Zadić in Serbien, Montenegro und Kosovo: "Zukunft der Westbalkanstaaten liegt in EU"

Pro-EU-Kundgebung in Belgrad
Die Grünen-Ministerin schloss diese Woche eine Justiz-Kooperation mit den Westbalkanländern ab. Auch ein kontroverses Gleichstellungsgesetz in Serbien war auf der Dienstreise Thema.

Mit dem EU-Beitrittskandidatenstatus der Ukraine 2022 sind auch die Erweiterungsperspektiven für die Westbalkan-Staaten Albanien, Bosnien-Herzegowina, Kosovo, Montenegro, Nordmazedonien und Serbien wieder stärker in den politischen Fokus gerückt. Erst vergangene Woche haben die EU-Staats- und Regierungschefs offiziell die Aufnahme von Beitrittsgesprächen mit Bosnien und Herzegowina beschlossen.

Österreich präsentiert sich in Brüssel aus verschiedenen, vor allem eigennützigen Gründen immer wieder als Anwalt der südosteuropäischen Länder, etwa im Bereich Migration (sind die Staaten selbst EU-Mitglieder bzw. geht es ihrer Wirtschaft und Rechtsstaatlichkeit besser, gibt es weniger Abwanderung von dort nach z.B. Österreich, so die Idee). Aber auch die hohen Summen an Direktinvestitionen in der Region sowie die Friedensmissionen, an denen sich auch das österreichische Bundesheer beteiligt, spielen hier eine Rolle.

Sehr häufig reisen Regierungsmitglieder und andere Politiker daher von Wien nach Belgrad, Sarajewo und Co, um ihre Unterstützung zu beteuern. So sind Wirtschaftsminister Martin Kocher und EU-Ministerin Karoline Edtstadler (beide ÖVP) kommende Woche in Montenegro und Albanien. 

Justizkooperation abgeschlossen

Diese Woche war Justizministerin Alma Zadić (Grüne) bei ihren Amtskollegen in Serbien, Montenegro und im Kosovo, um noch vor der österreichischen Nationalratswahl im Herbst eine Justizkooperation mit allen sechs Westbalkan-Staaten abzuschließen. Entsprechende Erklärungen mit Bosnien und Herzegowina, Albanien und Nordmazedonien wurden bereits in den vergangenen Jahren unterzeichnet.

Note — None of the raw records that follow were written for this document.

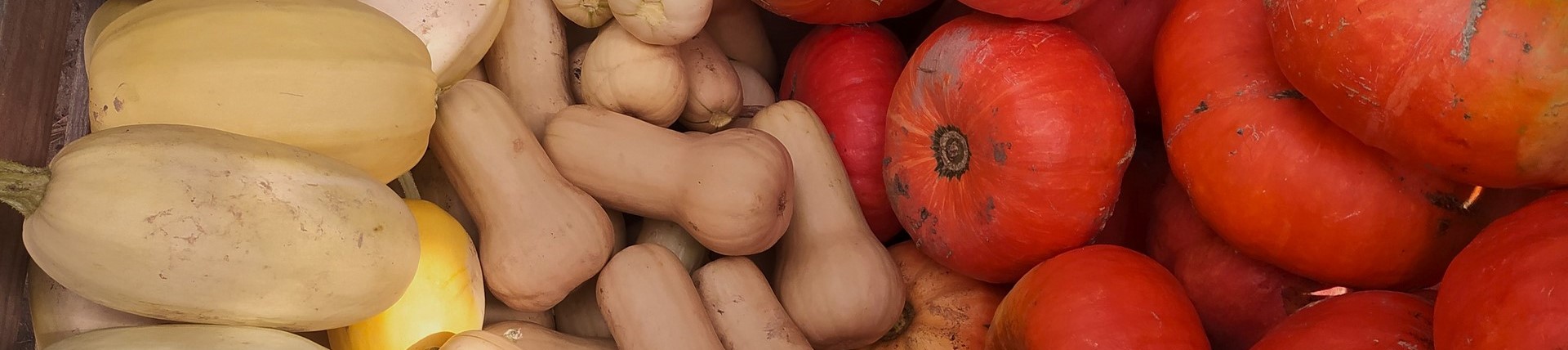 Ramassage des courges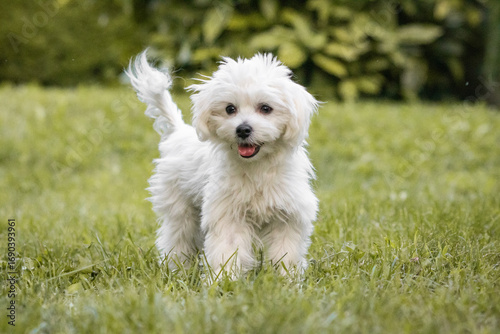 cute portrait of white cute fluffy happy puppy maltese dog looking at camera, playing in grass, dog training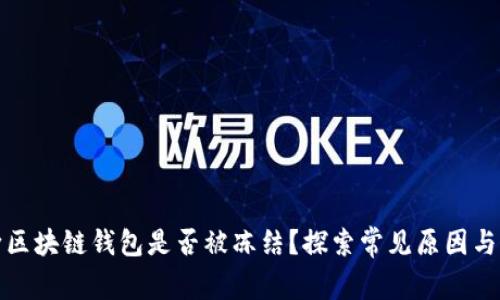 如何判断区块链钱包是否被冻结？探索常见原因与解决方案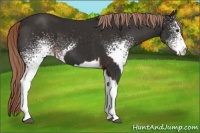 Horse Color:Liver Chestnut  and White Spotted Liver Chestnut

Ziel der Kooperation sind laut Zadić rasche Fortschritte bei der Stärkung der Rechtsstaatlichkeit, denn: „Justizreformen bilden die Grundlage für den europäischen Integrationsprozess.“ Konkret geht es um Maßnahmen und Austausch in den Bereichen Rechtsstaatlichkeit, unabhängige Justiz und Korruptionsbekämpfung.

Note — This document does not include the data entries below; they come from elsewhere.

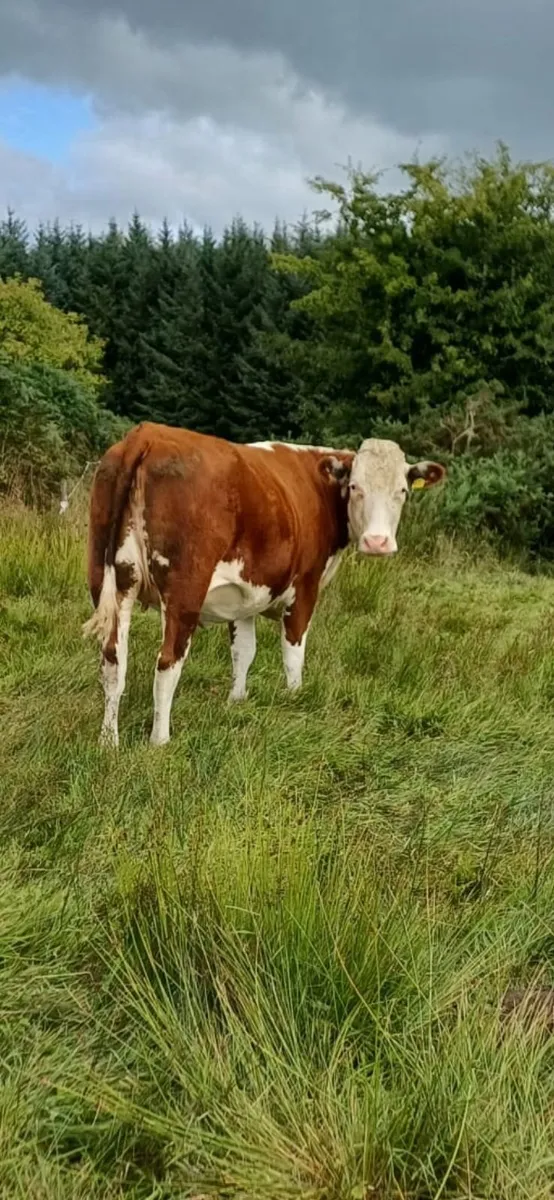 Incalf Heifers - Image 1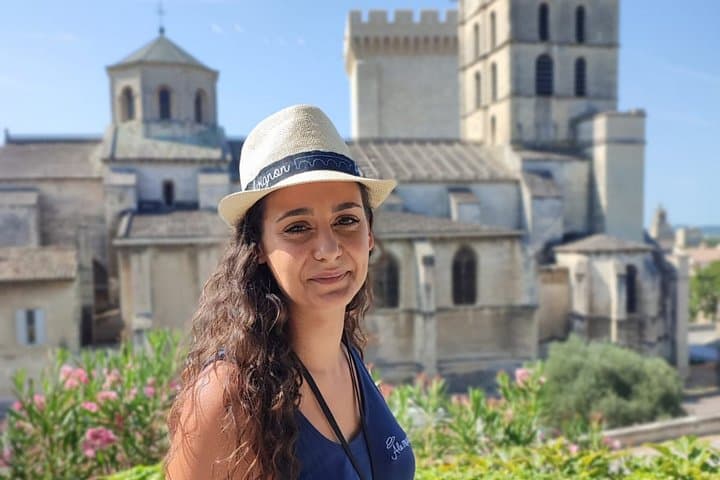 Avignon Walking Tour including Pope's Palace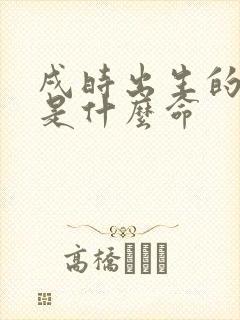 戌时出生的男孩是什么命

Albanien, Bosnien-Herzegowina, Montenegro, Nordmazedonien und Serbien sind offizielle EU-Beitrittskandidaten. 

Der Kosovo strebt ebenfalls einen EU-Beitritt an, ist aber bisher nur ein "potenzieller Kandidat". Fünf EU-Mitglieder - Spanien, Griechenland, Rumänien, die Slowakei und Zypern - erkennen die 2008 ausgerufene Unabhängigkeit des Kosovo nicht an.

Mit ihrer Reise sende sie ein klares Signal an die Region, so die Politikerin, die selbst 1984 im bosnischen Tuzla geboren wurde und im Zuge der Balkankriege in den 1990er-Jahren mit ihrer Familie nach Österreich geflüchtet ist: "Österreich wird den Westbalkanstaaten auf ihrem Weg in die EU weiterhin als verlässlicher Partner zur Seite stehen". Die Zukunft dieser Länder liege in der Europäischen Union. 

Kontroverses Gleichstellungsgesetz

In Belgrad tauschte Zadić sich auch mit Vertreterinnen verschiedener serbischer Frauenorganisationen aus. Eins der Hauptthemen war ein 2021 verabschiedetes Geschlechter-Gleichstellungsgesetz. Darin wird u.a. geschlechtersensible Sprache als Mittel definiert, um die Gleichstellung zwischen Männern und Frauen zu fördern. Daher soll sie in Schulbüchern, Zeugnissen, Medien etc. verwendet werden. Wird das nicht umgesetzt, drohen Geldstrafen.

Nicht nur, aber besonders der einflussreichen, serbisch-orthodoxen Kirche ist das Gesetz ein Dorn im Auge. Sie versucht regelmäßig, die Regelung u.a. mit scharfer Kritik (sie behauptet zum Beispiel, das Gesetz sei verfassungswidrig und ein Angriff auf die serbische Kultur) zu bekämpfen.

Die Berichte der Frauen vor Ort seien "besorgniserregend" gewesen, so Zadić: "Von hohen religiösen Vertretern wird dort echte Gleichstellung angegriffen." Diese Entwicklungen würden zeigen, wie wichtig Allianzen und Solidarität über Grenzen hinweg seien.